In most organisms, excluding archaea and a few eubacteria, histones–the proteins around which DNA is tightly wound in a chromosome– keep the DNA neatly organised and packed in the cell.
Histone proteins—H2A, H2B, H3, and H4—and their modified forms or variants assemble into an octamer to form the nucleosome. Chemical modifications to these histones, such as the addition or removal of specific amino acid residues, influence how tightly or loosely the DNA is wound around the nucleosome. This governs access to DNA and plays a crucial role in regulating gene expression, DNA modifications, chromosomal architecture, and the activation or silencing of genes. While a variety of histone variants, particularly those of H2A, H2B, and H3, have been identified in both plants and animals, with roles in processes such as chromosome segregation and DNA repair, very few variants of H4 have been reported, and those identified are primarily found in parasitic organisms.
In a first, Dr P.V. Shivaprasad’s group at NCBS has identified a new H4 histone variant in rice that enhances the plant's tolerance to salt stress.
“We were looking for different histone-coding genes across all plants. When we found this variant in rice, it immediately caught our attention because H4 is typically highly conserved, and its variants are extremely rare. This particular variant appeared consistently across all rice families, but not in other plants. That unexpected pattern was the starting point for our study,” says Vivek Hari-Sunder Gandhivel, lead author of the study. Plants have varied response mechanisms to deal with biotic and abiotic stress, much of which is controlled by changes in their genetic make-up through modifications of histones. While most studies on the role of histones and their variants in stress response are conducted in the model plant Arabidopsis, which has small and compartmentalised chromatin, the regulation of chromatin in complex species with large genomes, such as rice, remains unclear.

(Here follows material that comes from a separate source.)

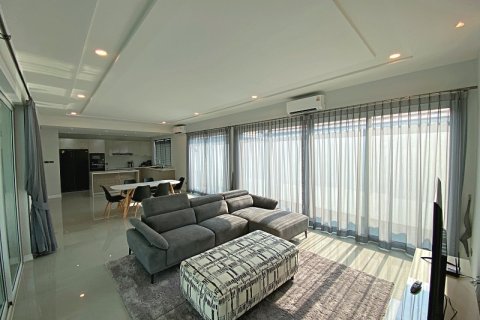 Chalet de 3 dormitorios en Hua Hin, Tailandia № 205674 - foto 15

Histone Regulation and Stress Responses
This study used molecular, genetic, and genomic methods to explore the role of the H4 variant in genome regulation. It suggests that this variant may have helped semi-aquatic rice varieties adapt to changing environments.
To confirm that H4.V was not only present in the genome but also functional, the team used microscopy and chromatin immunoprecipitation sequencing. They found that H4.V is not only expressed but is actively incorporated into nucleosomes at specific locations along the genome. To probe its function, the researchers used CRISPR-based gene editing to knock out H4.V in rice plants. They found that these mutant plants were stunted, had small seeds, and showed poor reproductive growth. That alone confirmed H4.V plays a vital role in development.
But a deeper dive into the plants’ transcriptome– a profile of all the genes being expressed– revealed something even more intriguing. “In wild-type plants, genes related to salt stress are only turned on when needed. But in the mutants, those same genes were being expressed all the time”, said Vivek. “It’s like the plant thought it was under constant attack”.
Histones don’t just passively hold DNA. Their chemical modifications, such as acetylation, can activate or silence genes. H4 is known to be acetylated at specific sites to allow stress-response genes to turn on when needed. When H4.V is incorporated into a nucleosome, it replaces canonical H4, displacing the acetylation marks as well, actively rewiring which genes are turned on or off, depending on where it's incorporated. To understand this at a molecular level, the team solved the atomic-resolution structure of the rice nucleosome. The structural data revealed that a single amino acid change (alanine to valine at position 33) altered how H4.V interacts with DNA and other histones, potentially affecting nucleosome stability and how densely packed chromatin will be.
The team also suggests that H4.V helps modulate a wide network of stress-response genes, including those related to jasmonic acid signalling, a key hormone pathway for salt and drought stress. They found that several sodium ion transporters were also misregulated in the mutants, which would explain their poor survival and growth.
The team believes H4.V works as a molecular switch that enables plants to toggle between growth and stress response. In normal conditions, the plant invests energy in growth. Under salt stress, H4.V repositions itself across the genome to activate the genes needed to survive harsh environments.
Toward Climate-Resilient Crops
Rice is often grown in semi-aquatic or coastal regions, where rising salinity due to climate change threatens crop productivity. Understanding the molecular basis of its ability to cope with environmental stressors in its natural ecosystem is essential to utilise these mechanisms to incorporate them in high-yielding cultivated rice lines.
“Histone variants are the major upstream players in epigenetic changes, and the newly identified player offers a new tool to understand the basis of epigenetic changes in rice. The identification of H4.V opens up new possibilities for engineering or breeding salt-tolerant rice varieties—not by modifying dozens of stress-related genes individually, but by tweaking a single regulatory hub”, said Dr Shivaprasad, senior author of the study.